The Magic Forest

A folk tale from Croatia

The Magic Forest

Source: Dan Keding, Elder Tales: Stories of Wisdom and Courage from Around the World  (2008); Allan B. Chinen, In the Ever After: Fairy Tales and the Second Half of Life (1989) 

This is my version of the story, which appears in Hagitude.


Once upon a time, an old woman lived on the threshold of a magical forest with her son. One day, the son saw a snake in the forest which was so beautiful that he wanted to take it home with him – but, as soon as he touched it, the snake turned into a beautiful woman. He brought the woman home to his mother, and announced that she was his bride-to-be.

At first, the old woman was happy for her son, but the more time she spent with the young woman, the more she came to believe that something was wrong with her. She tried to warn her son, but he rejected her. He called her a witch, and set about marrying his intended.

The young couple, having no house of their own, lived with the old woman. But the new wife made the old woman do all the housework, and piled other tasks upon her, requiring her to fetch snow from mountaintops and to catch fish from beneath frozen lakes. As the old woman performed these difficult tasks, she thought about praying for help.

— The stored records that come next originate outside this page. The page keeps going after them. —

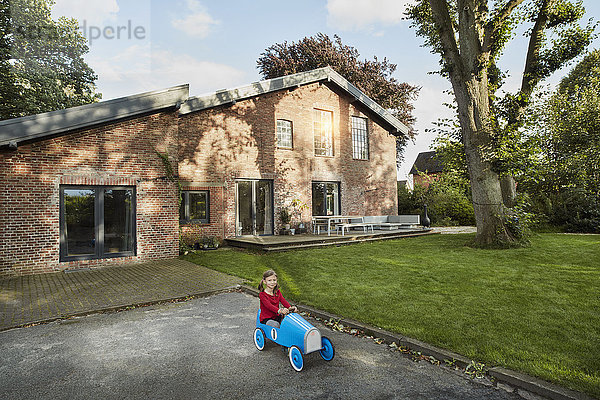 Mädchen spielt mit Seifenkiste in der Einfahrt des Wohnhauses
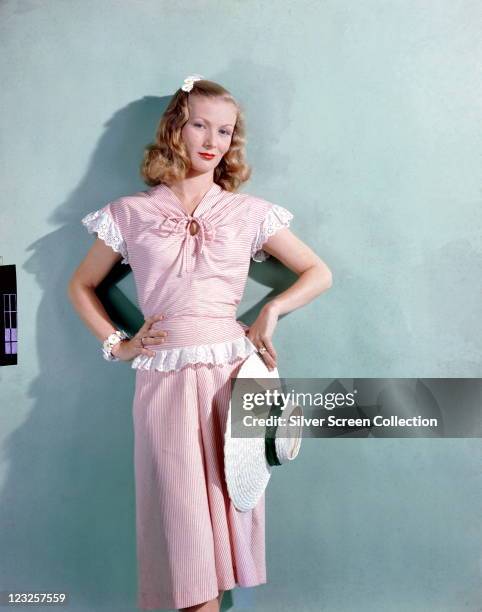 Veronica Lake , US actress, wearing a pink gingham dress with white lace trim, holding a white wide-brimmed straw hat with a green band, in a studio...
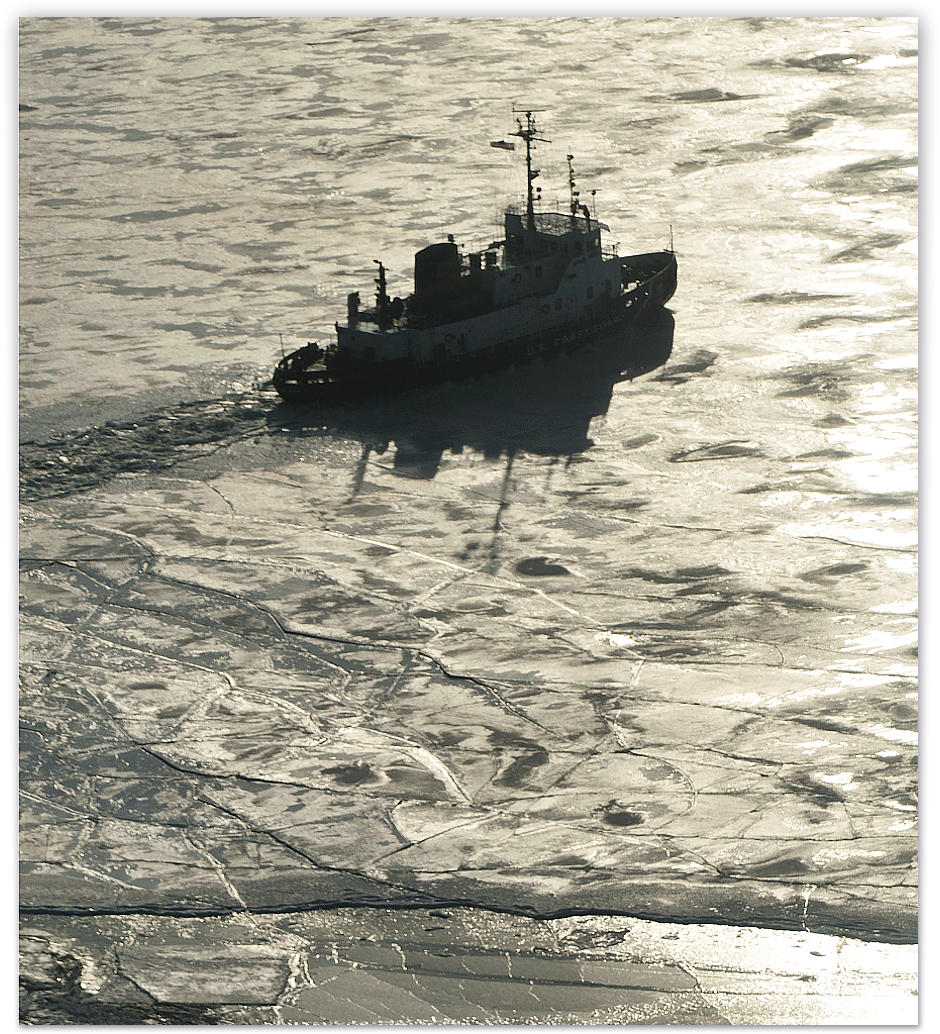 Silhoutte of the Biscayne Bay cracking the ice shelf at Beaver Harbor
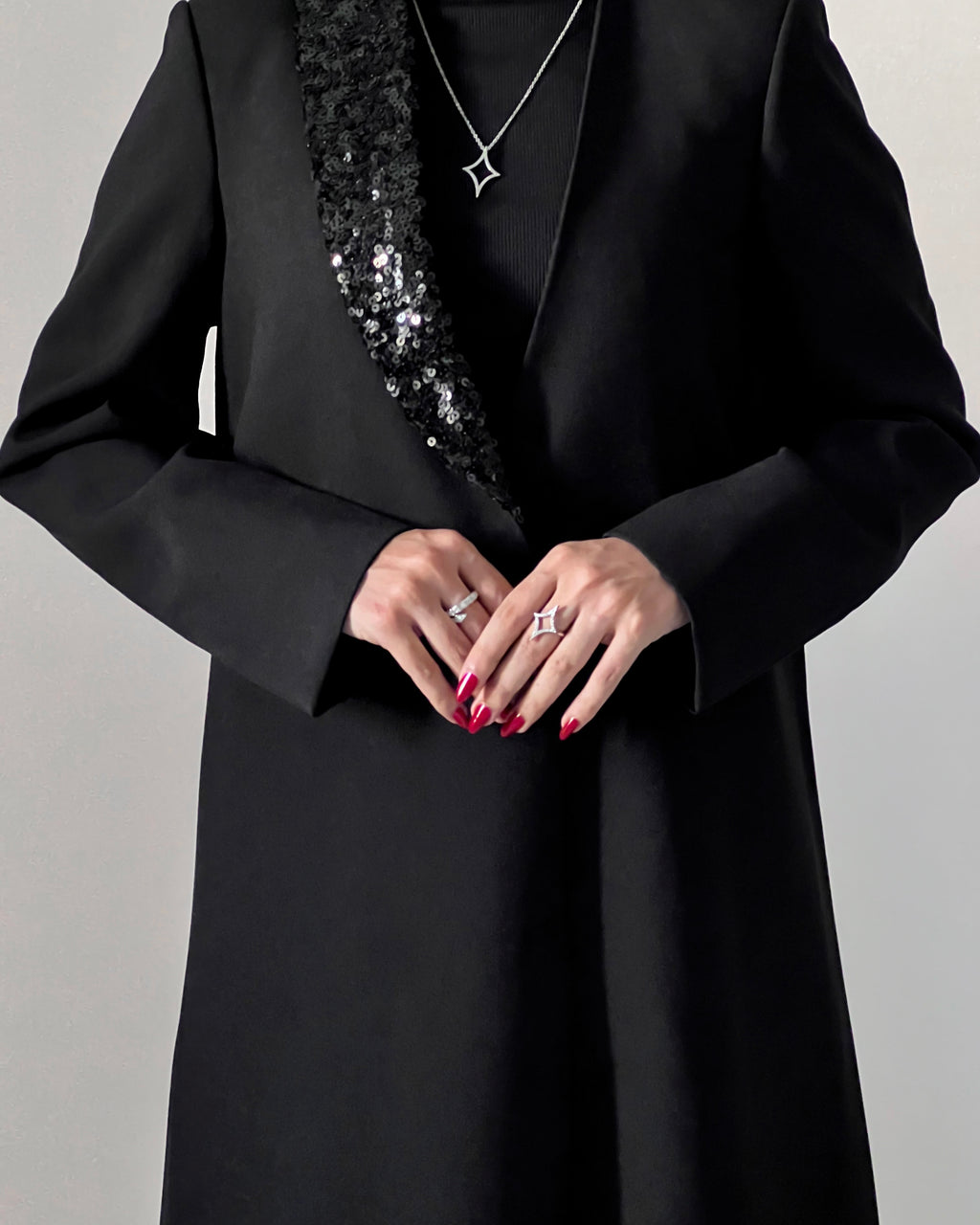 Blazer cut abaya crafted from premium crepe, finished with a sequin detailed on one side collar.
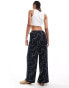 Фото #3 товара ASOS DESIGN Tall wide leg trouser with linen in mono print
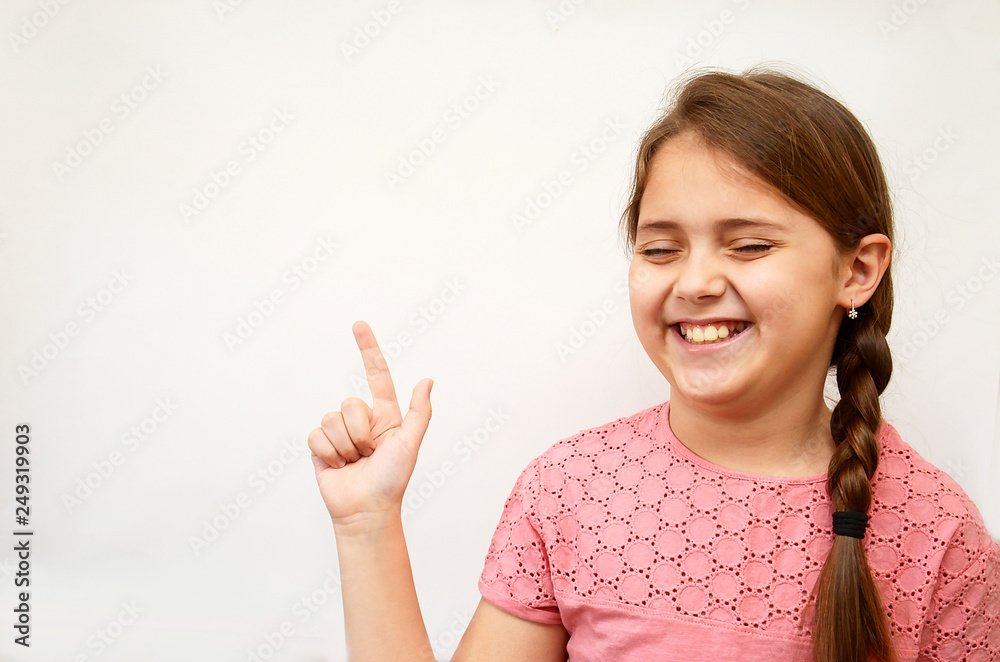 girl in a pink blouse on a white background, shows different emotions and gestures girl in a pink blouse on a white background, shows different emotions and gestures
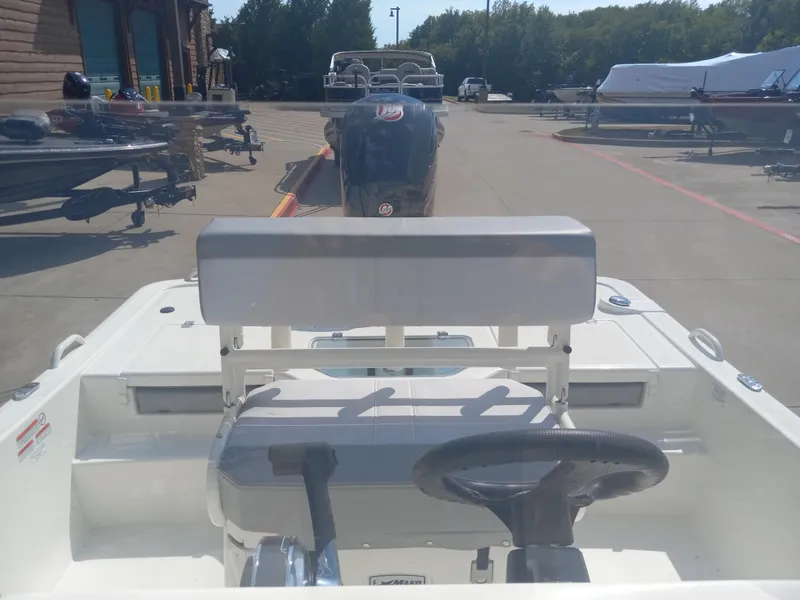 Slide: The Image of 2024 Mako Pro Skiff 19 CC boat interior with steering wheel and seating. - 5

But she believed that God might then punish her son, and so for his sake she remained silent.

One evening, the old woman picked up one of her son’s shirts to mend it, but she was scolded by his new wife. ‘Don’t do that,’ she shouted. ‘You’ll only ruin it!’ When the old woman turned to her son for support, he simply said, ‘Obey my wife.’ So the old woman set aside the shirt and went outside to sit on the freezing front porch.

Soon a young woman from the village walked by with a heavy load of kindling. She asked the old woman whether she would like to buy some, but the old woman replied that she had no need of it. ‘However,’ she said, ‘I see that your coat is torn. May I mend it for you?’ The young woman was delighted, and thanked the old woman after the repair had been completed.

That night the son and his wife attended a dinner in the village. Before they left the cottage, the snake woman gave her mother-in-law a long list of tasks to complete, and as soon as the young couple had departed, the old woman set to work. While she was starting the fire, she heard laughter – and turned around to see twelve little men, dancing. They were fire elves, and she was delighted to watch them having such a fine time. She laughed and clapped as they danced, remembering the happier days of her youth, and when they stopped she began to cry.

One of them, who was called Wee Tintilinkie, asked, ‘What’s the matter, old mother?’

She told them about her situation, and they suggested that she visit the Forest King to see if he might have a solution to her plight. She agreed, and so they all left the cottage together and travelled deep into the enchanted forest. At the centre of the forest was an enormous old oak tree. Wee Tintilinkie led the old woman inside it, and there she saw before her seven golden castles and a village which looked strangely familiar. They went inside the largest castle, which was the home of the Forest King.

When the old woman approached his throne and told him what had happened to her, the king gestured to the village beyond. ‘Look!’ he said. ‘There is your childhood village, and there is your mother, your father and your friends. If you wish, you can join them, and live again during this happier time of your life. All you have to do is clap, and then climb the fence that surrounds the village.’

The old woman smiled as she thought about entering the village, but then the smile disappeared from her face. She asked the king, ‘What about my son? What will happen to him?’

The king replied, ‘You will have no memory of him, because you will be returning to a time before he was born. He will be left to his own fate.’

The old woman knew then what she must do. ‘No,’ she said to the Forest King. ‘I can’t forget my past and my son. I can’t forget all the things that have happened to me, and all the things I am. I will return home.’

As soon as she had spoken, the king sat up straight on his throne and replied, ‘You have rejected magic and the joy of returning to your youthful past, in favour of your difficult present circumstances. With that choice, you have broken the enchantment which the snake woman cast over your son.’ The king then clapped his hands, and the castles, the fire elves, the enormous oak tree and the king himself disappeared. The old woman found herself alone in the forest, and set off eagerly to return to her cottage.

The old woman ran home to find her son crying at the hearth because his young wife had turned back into a snake, and now he understood how he had been enchanted by her. When he saw his mother at the door, he embraced her and begged her forgiveness. He later married the girl from the village who sold kindling; she remembered the old woman’s kindness to her, and the three of them lived happily together for the rest of her days.